The Russians will be the “big losers” in the wake of the country’s role in the shooting down of a Malaysian Airlines jet, Defense Secretary Chuck Hagel said.
“The surface-to-air missile had to come from Russia, the training provided to operate the surface-to-air missile most likely came from Russia,” Hagel said in an interview in his Pentagon office on Bloomberg Television’s “Political Capital with Al Hunt,” airing this weekend.
While it’s unclear whether the Russian leadership was aware beforehand of the missile use, “there’s no question that Russians are going to come out big losers” once the incident is fully investigated, Hagel said.
President Barack Obama yesterday said the U.S. has concluded that the missile was launched from insurgent-held territory in eastern Ukraine. All 298 people on board Malaysian Airline System Bhd. flight MH17 were killed.
The U.S. is intensifying pressure on Russia to end support for the Ukrainian rebels in the country’s eastern region. The United Nations Security Council held an emergency meeting yesterday and agreed on the need for an impartial investigation into the jetliner disaster.
Russians “continue to isolate themselves in the world” as a result of Russian President Vladimir Putin’s policy of instigating “trouble in eastern Ukraine for months, encouraging the separatists, providing the separatists sophisticated military equipment,” Hagel said in the “Political Capital” interview.
Although facts are still being gathered on the July 17 plane crash, “this is a very serious international incident and the Russians are going to have to take some responsibility,” Hagel said.
Putin has denied Russian involvement in the fighting in Ukraine, which has morphed into Europe’s biggest crisis since the Cold War, and has said the government in Kiev bore responsibility for the crash because it wouldn’t have occurred without the strife with separatists.
On another matter, Hagel said he had just completed reviewing with Army General Martin Dempsey, chairman of the Joint Chiefs of Staff, a classified U.S. assessment of Iraqi security forces, which are reeling from a series of attacks by Sunni militants calling themselves the Islamic State.
The U.S. is now “looking at strike options at different buckets of targets,” Hagel said, without providing any details. “We could do more in the way of putting advisers in places” to help Iraqis battle the militants, he said.
Obama, who brought U.S. troops home from Iraq in 2011, has said they won’t return to ground combat there as militants battle the Iraqi Army.
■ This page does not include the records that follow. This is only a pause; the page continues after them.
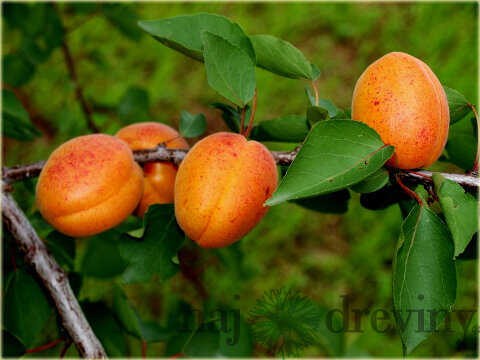 Marhuľa Early Orange, výška 100/150 cm, v črepníku Prunus armeniaca Early Orange
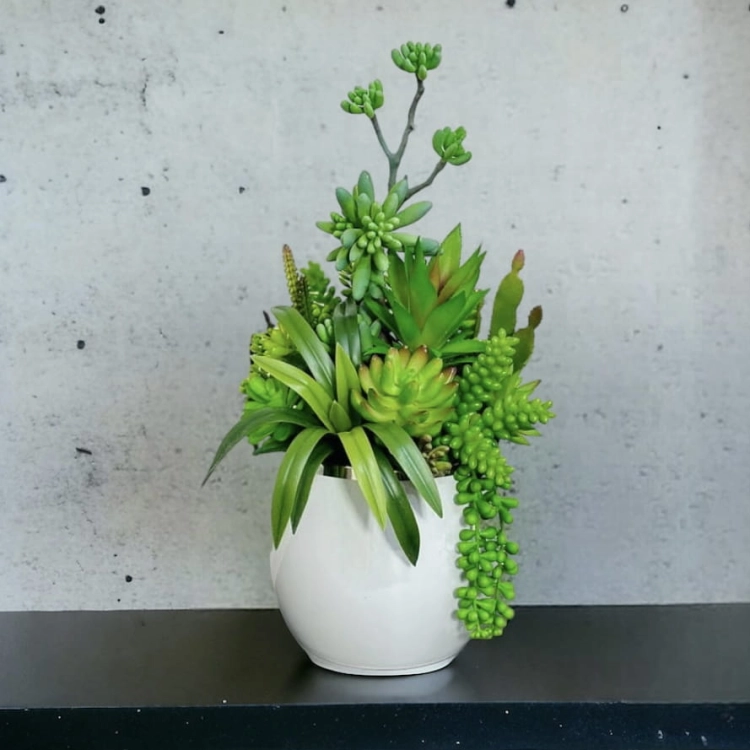 PhotoRoom_20240203_001116.jpeg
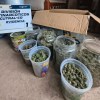 Imagen de Detienen a cuatro hombres que vendían droga en Cutral Co: tenían más de un kilo de marihuana y un arsenal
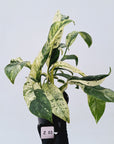 Epipremnum giganteum variegata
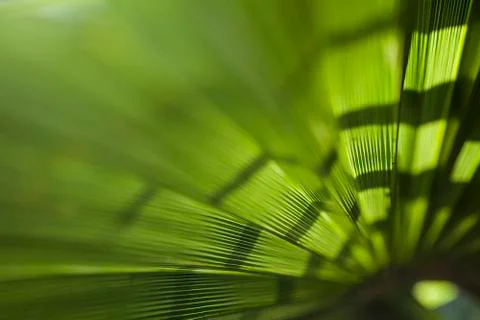Palm leaf background Stock Photos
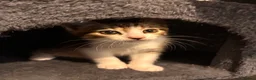 Mixed Breed cats for sale: Lovely playful kittens  - Advert 18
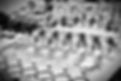 484353420_579768338445140_5644014696483327246_n_edited_edited.jpg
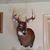 Richard Davis's profile image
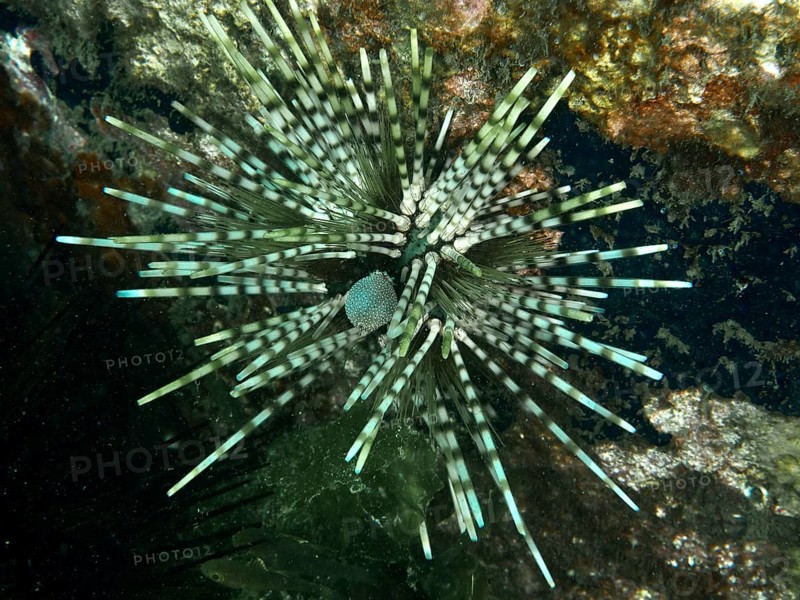 Exotic patterned sea urchin in an interesting colour and with long spines, banded sea urchin (Echinothrix calamaris), dive site Secret Bay, Gilimanuk, Bali, Indonesia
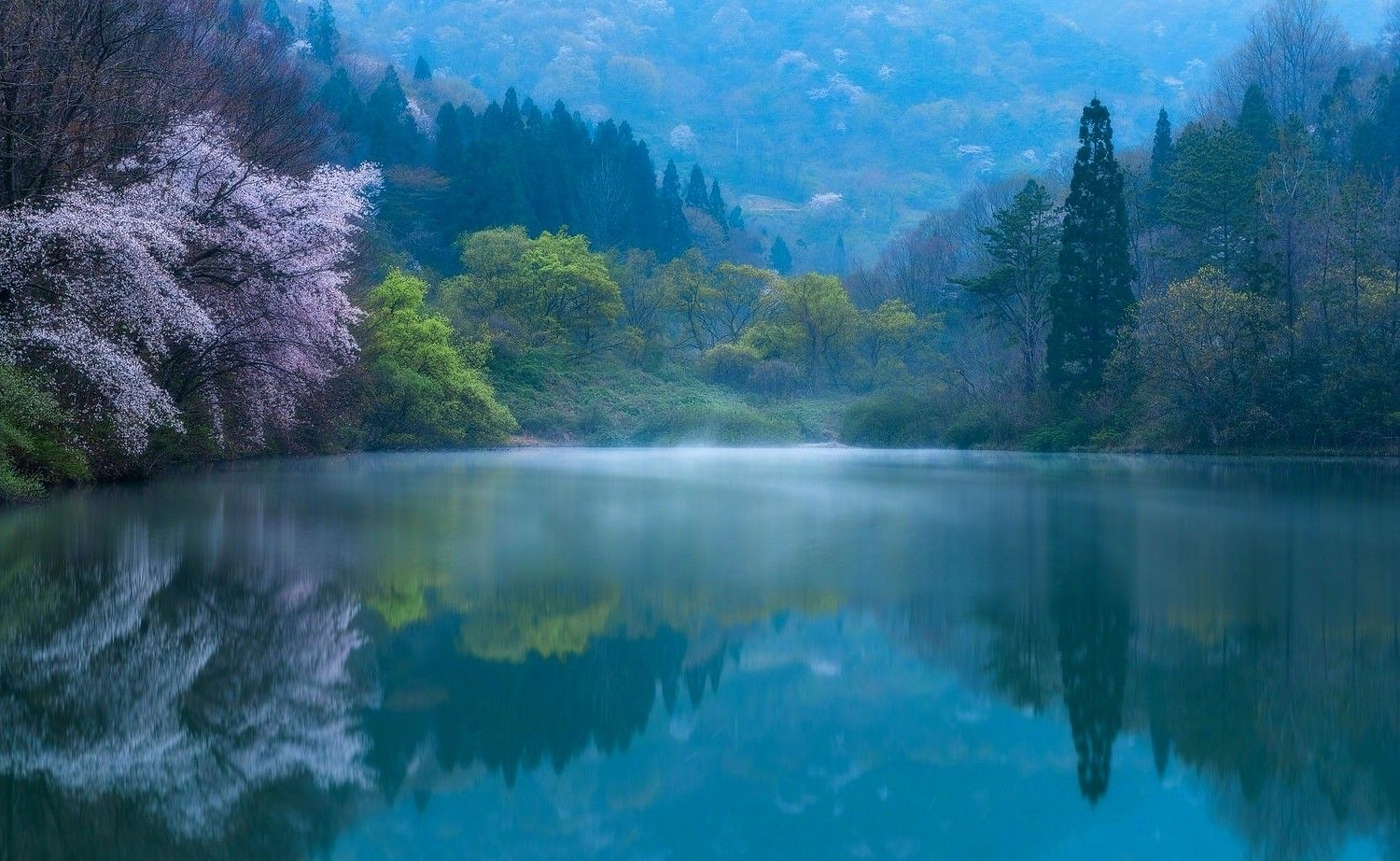 nature, Photography, Landscape, Lake, Forest, Spring, Morning, Reflections, Hills, Blossoms, Sunlight, Mist, Blue, South Korea Wallpaper HD / Desktop and Mobile Background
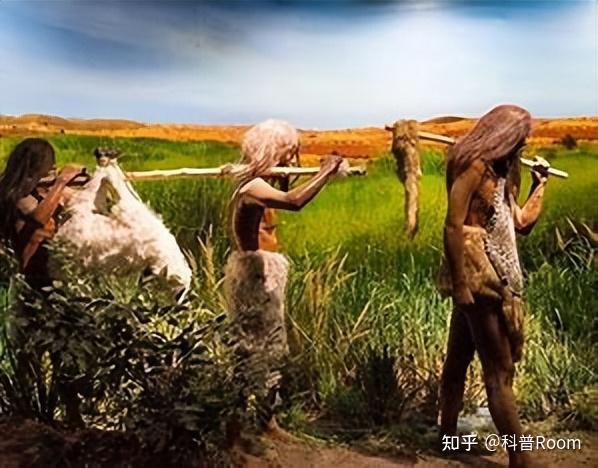人类发展的历史考古学:古人类生活的重构 - 知乎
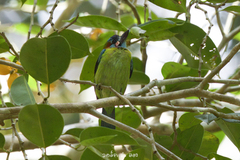 Psilopogon duvaucelii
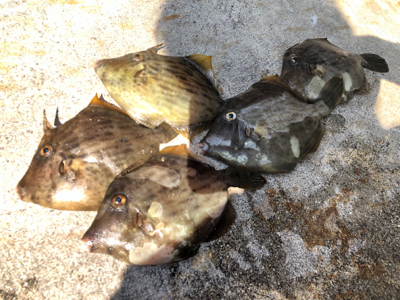 ショアジギ不発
He hasn’t ruled out airstrikes, while pressing first for Iraq, led by Prime Minister Nouri al-Maliki, a Shiite, to assemble a more inclusive government.
This week’s election of Saleem al-Jibouri, a Sunni moderate, as speaker represents “some good news,” Hagel said. In the absence of a united government, it would be “pretty hard for the Iraqi forces” to maintain security, he said.
With conflicts in Syria extending to Iraq and the new Israel-Palestine conflict escalating into a ground war, Hagel said he was concerned that the entire region could be engulfed in a wider conflict.
“I think when you assess all of the Middle East and all that’s going on with Gaza or we were just talking about Iraq, what’s going on in Syria, what’s going on in Libya, Tunisia, Lebanon continues to unstable, it’s pretty serious,” Hagel said.
None of these conflicts can be addressed through military solutions, Hagel said.
“This is going to have to be worked through a political solution, bringing people together,” Hagel said. “It’s going to take a while. Any part of that complicated dimension in the Middle East is not going to get solved in a matter of a few months or even probably in a year or two.”